Funnefoss/Vormsund IL
- Full name: Funnefoss/Vormsund Idrettslag
- Founded: 6 December 1924; 100 years ago, as Funnefoss 5 February 1967; 58 years ago, as Funnefoss/Vormsund
- Ground: Funnefoss stadion, Oppåkermoen
- Coach: Roger "Kulpen" Myrbråten
- League: 4. divisjon
- 2024: 3. divisjon, group 5, 12th of 14 (relegated)
| Home colours | Away colours |

= Funnefoss/Vormsund IL =

Norwegian sports club

Funnefoss/Vormsund Idrettslag, commonly known as Fu/Vo, is a Norwegian sports club from Nes, Akershus. It has sections for association football and amateur boxing.

The club was founded as a merger between Funnefoss IF and Vormsund IL. Funnefoss IF was founded on 6 December 1924, and Fu/Vo counts this as their founding date.
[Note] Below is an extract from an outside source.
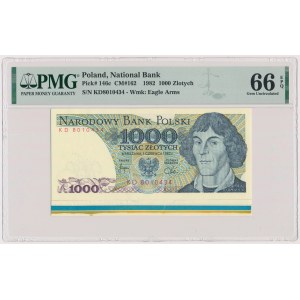 DESTRUKT 1.000 złotych 1982 - z paserami drukarskimi na dolnym marginesie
Funnefoss was a member of the Workers' Sport Confederation for a short time. The merger took place on 5 February 1967. It covers the villages Funnefoss, Oppåkermoen and Vormsund in Nes, and the home ground is at Oppåkermoen.

The men's football team currently plays in the 4. divisjon, the fifth tier of football in Norway. Its current stint started in 2020, after several years on lower levels.